During this episode, Jake spoke truth but was called a Snake. Brian and Clay went on a date. Penny bagged her tribemate. And lots of gratuitous violence to boost ratings. Due to mild boredom, I’ve completely made up an entire episode just to entertain myself. (I provide a recap, as well. Just in case.)
I received an email informing me, “Too bad, I will never read you again” because “If you had stuck to survivor talk in your survivor article, I might have continued to enjoy your writing.”
Thanks to this person who said she’d never again read my writing because I digress too much, I’ve decided to make up a complete episode.
For those who are here to read my usual thorough commentary, click here to scroll past all of my horrid, off-topic crap. (I must be honest. I’m not doing this just be a little snot. By far, my most talked-about, enjoyed article was when I missed the first half of the show and just made up stuff. Plus, since the show has become rather predictable, I figured I might as well make it a little more entertaining.)
My self-imposed rules are that I will create an episode based on actual chronological screen captures of the show. Any similarity to real events is purely of your imagination.
Day 28 begins innocently enough with yet another beautiful sunrise. A crab scurries across the sand. Birds sing their morning song. The fire crackles like an old man stretching after a restless sleep on a worn mattress.
Ted greets the day with his morning talk-to-the-family ritual. Jake eyes him from a distance, planning his words carefully, preparing for yet another attempt to cling onto the legs of a member of the once-thought-to-be-old-and-feeble Team Church Social.

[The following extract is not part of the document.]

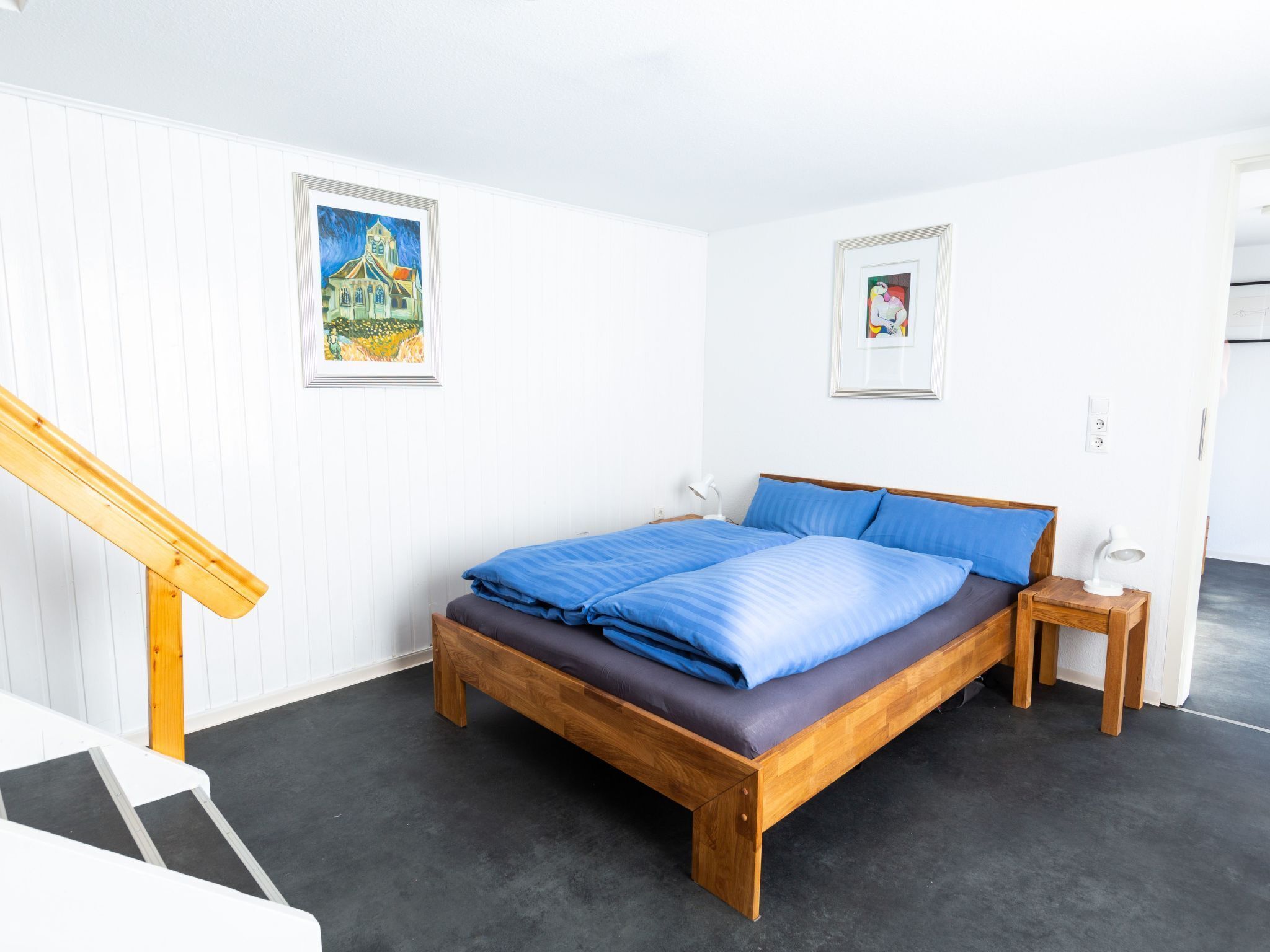 A bedroom with a wooden bed, a nightstand, a desk, and a chair. There are two framed pictures on the wall.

Jake thinks to himself, “Last night we all voted for Ted. Now I have to think of a way to explain this to him so that I’m not such a schmoe-dog. And with each passing moment, I’m going to act weaker and weaker. I will play the feeble old man and continue to cry over everything hoping that maybe some of the Thai respect for the elders will cause them to look at this senile old person and respect him and not vote him off this luxurious resort disguised by the producers as an unforgiving, barren land.”
But as he stumbled closer, he overhears Ted carrying on a conversation with an invisible friend:
“Really?”
“After you fought the dragon and lost your hair in the flames, did you still have all your strength?”
“That long? Wow… I’ve been here just 28 days. I can’t imagine living like that for all those years.”
“Whoa. That is some powerful fearful stuff. But, before you explain to me your plan to break the spell and return once again to raping and pillaging and dragon-fighting and love-song-singing, I have a question about something. How do fishes sleep?
I mean, well it’s not like they can go lie down at the bottom of the ocean because in many places the water’s so deep they couldn’t handle the pressure. But if they stop swimming, would they just float to the top like dead fish?”
“Are you serious?”
“So, the reason fish get caught is because they’re asleep? And by the time they’re dragged up into the boat, they’re scrambling like, ‘What the hell? Where am I?!’”
“HA HA HA!! You are too funny for a love-song-singing raping and pillaging dragon-fighting knight in shining armor turned into a sea creature.”
“Oh…”
“Wow… Seriously? You definitely need a woman, then. Could you eat Jan?”
“Oh, I see. Now isn’t this ironic. You have to eat the one person that’s driving us crazy with her incessant recipe-spewing. Maybe we could ask her how she would prepare herself…”
In shock, Jake stumbles and surprises Ted. Ted gasps, “How much did you hear?”